Identity management in Tourism in the Future.

Let's use the scenario of air travel.
The numerator is convenience and the denominator is the security.
Whatever advances are being proposed and obtained are to increase the convenience of the travelers and the people enabling the travel while maintaining the high level of security of the borders and the people with those borders.

How did you use your identity document when you travel earlier around the 1980s?
After the first industrial revolution and the advent of aircraft, only a few rich and wealthy people with great status could afford air travel, the who's and who would no need to prove their identity and would get a smooth passage but then many people started to get rich and were able to afford the air travel and the focus completely shifted from sea travel to air travel for international trade and tourism.
In the 1980s, to travel domestically we hardly used any document, we were not asked to produce any identity document to book an air ticket and check-in and just in case if we were, we produced any government-issued document.

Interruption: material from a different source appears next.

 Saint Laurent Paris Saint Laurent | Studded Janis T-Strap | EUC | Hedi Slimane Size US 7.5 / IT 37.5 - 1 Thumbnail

Some countries had national ID cards but for most others driving license was acceptable as at that time it was one of the most portable standard government-issued documents that existed.
For international travel, the main identity document was the passport, which took a long time to issue and was also handwritten, visas were stamped on the passport and whenever we passed through immigration the date of entry and exit were stamped at the borders and manually signed. This was probably the extended use scenario of the seaman's permit book.

What happened around the 1990s?
Around the 1990s the use of computers became more prevalent, the CRS emerged, travel bookings, especially for airlines, were made on the computers, the travel increased multifold, the national id cards became the main document for travel domestically and passports still remained as the main document but underwent transformation, first passports were printed electronically, then a new digital data field was added to them to make them machine-readable, the visa stickers were also printed electronically and pasted on the passports with a standard machine-readable data strips, in standard dual language (English and local), both passports are visa were swiped on the machine to transfer the data and confirm authentication at various stages of travel, for airport access, for check-in, for emigration clearance and for boarding.

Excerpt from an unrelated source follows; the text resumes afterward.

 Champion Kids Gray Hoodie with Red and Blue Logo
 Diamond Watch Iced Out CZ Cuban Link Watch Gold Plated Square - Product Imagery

How do you use your identity document when you travel now?
21st century is a digital era and the use of commuting has taken to heights with IoT the processes are being automated, manual labors in the travel process are reducing, st touchpoints the humans are being replaced by machines, for domestic travel you still need ID cards and for international travel you still need passports but both of these are now being embedded with a standard chip with memory fields that can be read by machines and facilitate data lodging and time stamping.
Domestically we use ID Cards and internationally a Passport, from purchasing the ticket to, accessing airports, to check in to passing e-gates for boarding, both Identity and ticket information is linked to the identity and using the document is sufficient for through and through the passage.
Additionally for international travel, the visas are becoming electronic, no need to stamp on the passport just link the electronic files together, scan the passport on e-gates, data is linked electronically and right to passage is established, gates open.

What is transforming now and what will happen in the future?
Now that visas are becoming electronic, and there is no need for them to be affixed on the passports, the stampings are taking place electronically by the machines and there would not be a need for so many pages on the passport, this means that it won't be necessary for a passport to be a booklet, it would be reduced to a card with a data chip, then both domestic ID cards and Passports will become the same form factors with duplicity of information one to be used to travel domestically and the other internationally,  this would lead to the convergence, why should resources be used to create two documents serving the same purpose, this means that probably the passport may disappear and only national ID cards will be required to travel internationally as well as domestically. Visas will be applied for using a national ID card which is to contain more relevant behavioral data of the traveler compared to the passports which only contains the international travel data.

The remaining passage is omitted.